***** SUPPLIED MATERIAL *****

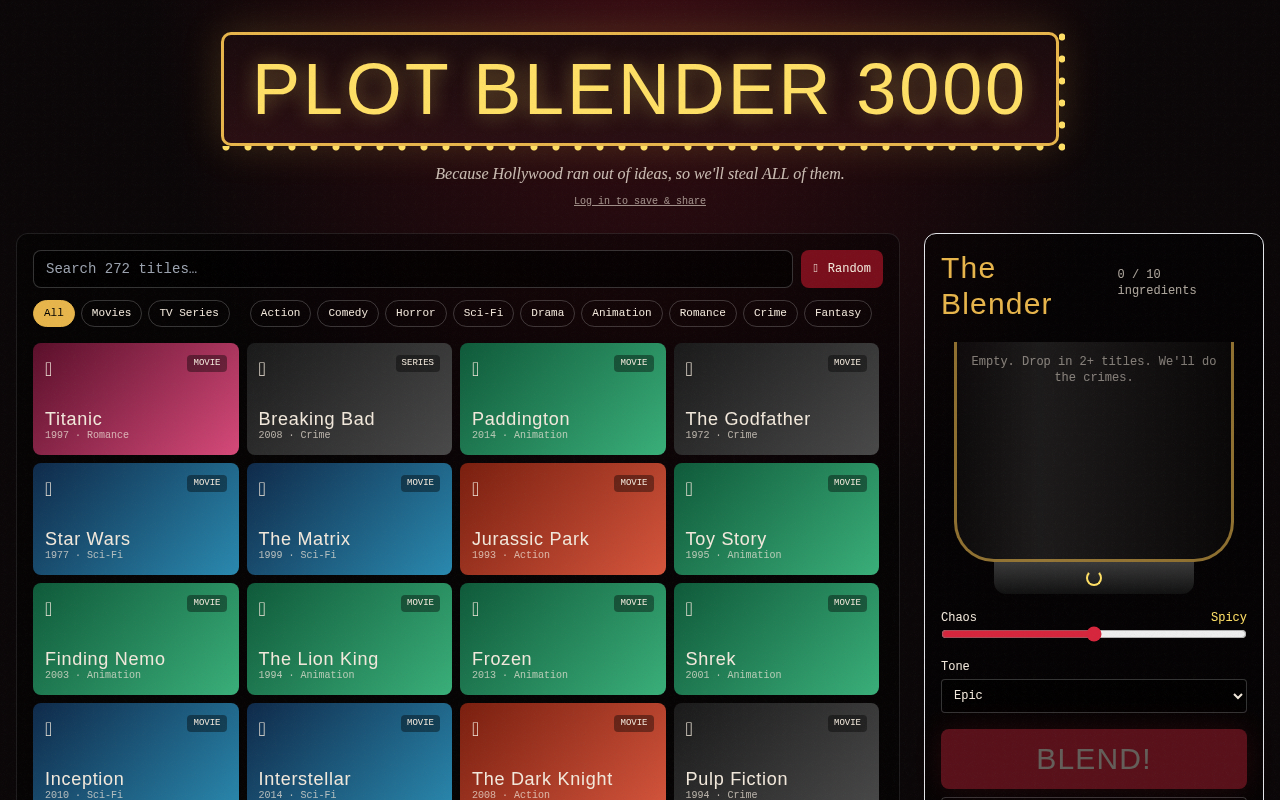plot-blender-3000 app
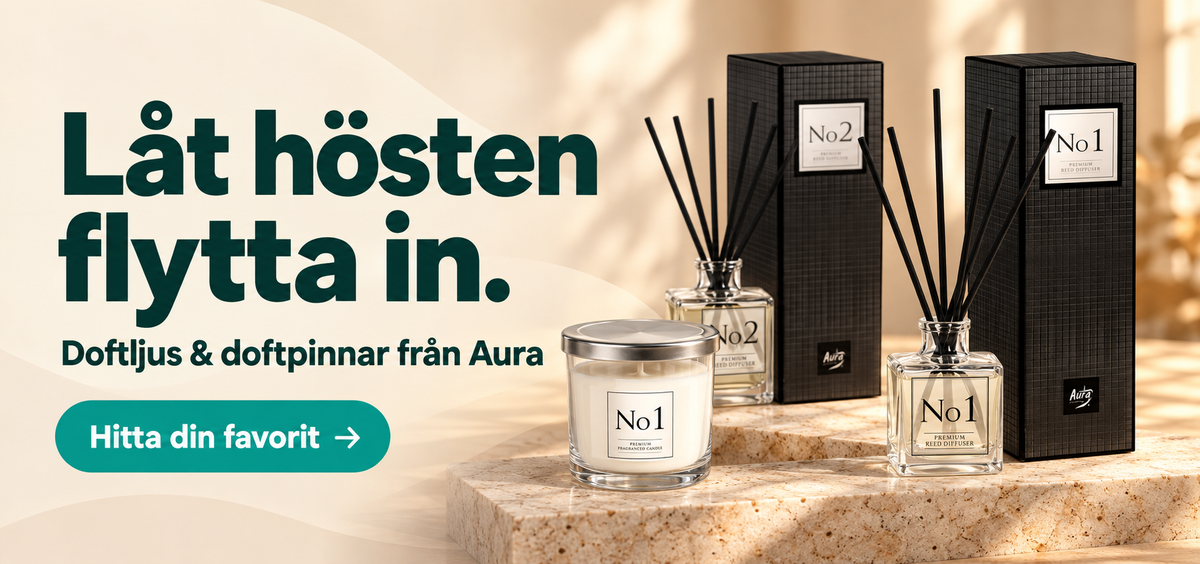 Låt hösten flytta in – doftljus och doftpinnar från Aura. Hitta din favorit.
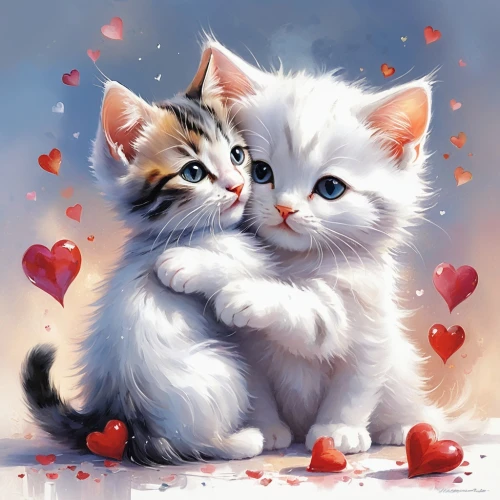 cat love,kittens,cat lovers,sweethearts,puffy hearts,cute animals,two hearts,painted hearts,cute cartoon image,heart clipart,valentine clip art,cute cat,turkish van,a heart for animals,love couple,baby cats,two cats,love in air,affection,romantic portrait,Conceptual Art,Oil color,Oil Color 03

*****

• **WHAT THE TASK ASKS**
Only those lines from the one containing "Låt hösten flytta" to the end of the material above, retyped exactly and without pictures, belong in your reply.

• **EXPECTED OUTPUT**
 Låt hösten flytta in – doftljus och doftpinnar från Aura. Hitta din favorit.
 cat love,kittens,cat lovers,sweethearts,puffy hearts,cute animals,two hearts,painted hearts,cute cartoon image,heart clipart,valentine clip art,cute cat,turkish van,a heart for animals,love couple,baby cats,two cats,love in air,affection,romantic portrait,Conceptual Art,Oil color,Oil Color 03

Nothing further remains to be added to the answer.